Expanding our coverage
We’re always interested in expanding our coverage both in terms of breadth and depth of the questions we’re asking. If you have suggestions for us for themes which we are not yet covering, or areas where you think we could go deeper – please contact us, we’d love to chat.
Our ESG ratings approach is simple yet a powerful method to help different organisations that carry risks in relation to their digital strategy. Our Research Analyst team heads this process, evaluating the extent to which organisations implement transparent and democratic values, ensure informed consent and risk management protocols, and establish a positive environment for error and improvement. The model used to evaluate organisations is informed by open consultations on digital governance, our horizon scanning of the regulatory landscape, as well as dialogue with civil society organisations who are evaluating the potential environmental or societal impacts that digital technology might have, and considering the best practices for mitigation of these risks.
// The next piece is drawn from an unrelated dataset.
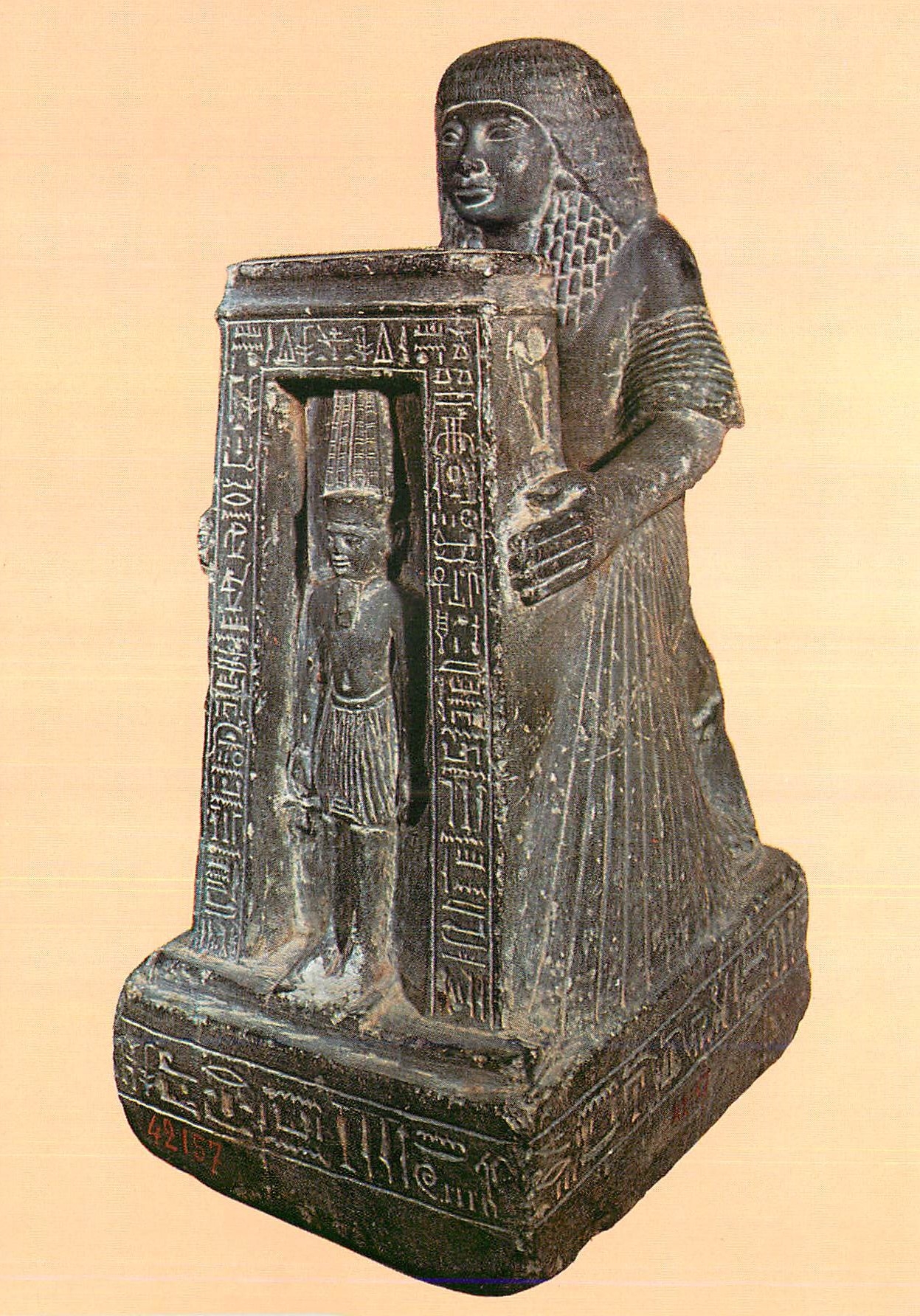 CPA Paris Grand Palais Exposition Ramses la Grand 7 mai 15 octobre 1976 Le prophete d'Amon Mahouhi presentant un naos co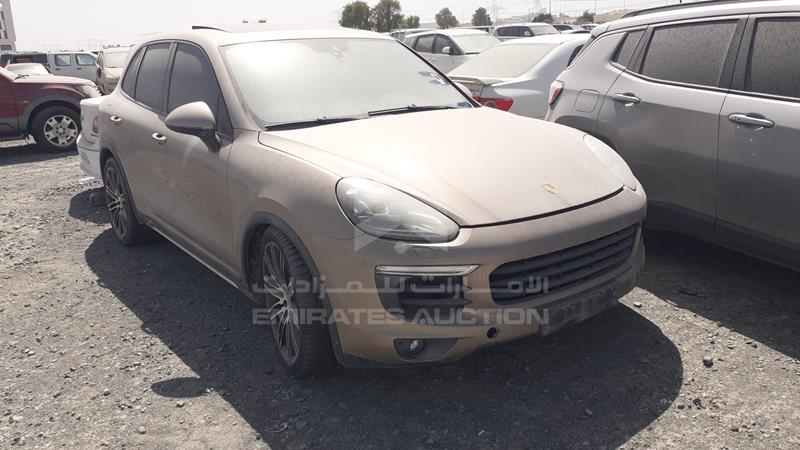 WP1ZZZ92ZFLA58456 Auction: EmiratesAuction Lot: 409142 WP1ZZZ92ZFLA58456 Porsche Cayenne S 2015 GOLD Photo 10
Confidence in our data quality is our most important metric. This is how we achieve it:
EthicsGrade is comprised of research conducted into publicly available information. There is a sufficient difference between levels of detail in the public domain around the risks associated with digital strategies to create a picture of where best practice is emerging, who the leaders and laggards are – as well as showing how this picture is developing and maturing over time.
Our goal is to always encourage organisations to be more transparent on their reporting and disclosures into the public domain, and therefore to reduce their reliance on proprietary survey platforms to elicit insights into the quality of the governance in place.
Beyond our Baseline Rating, the InsideView is based on research into non-public information provided to EthicsGrade on request. Companies who submit data to us as part of an InsideView Survey will have their scores re-rated according to the additional information provided. The fact that they have submitted non-public information to us may be disclosed alongside their score and rating. We, therefore, have a higher level of confidence with InsideView ratings than we do with those constrained to public data and as the proportion of organisations that we cover who engage with us increases we will use these insights to be able to adjust baseline scores to account for where we think an organisation is in its maturity based on the submissions made by similar organisations or peers. InsideView Ratings and derivative data feeds are only provided to clients, whereas the publicly available baseline rating is only updated based on confidence level calculations and information that is in the public domain.
Our Benchmark Rating is provided to organisations who have submitted information via the InsideView Survey to give them detailed insights into their performance on various topics in our coverage compared to their peers. The benchmark reports is driven by our ‘data-driven materiality’ platform and can be used by organisations to help them develop their roadmap strategy in response to EthicsGrade research on their stakeholder-centric ESG risks. We provide this service free of charge as a quid pro quo to organisations who conduct the InsideView survey so there is no conflict of interest arising from our relationship with them.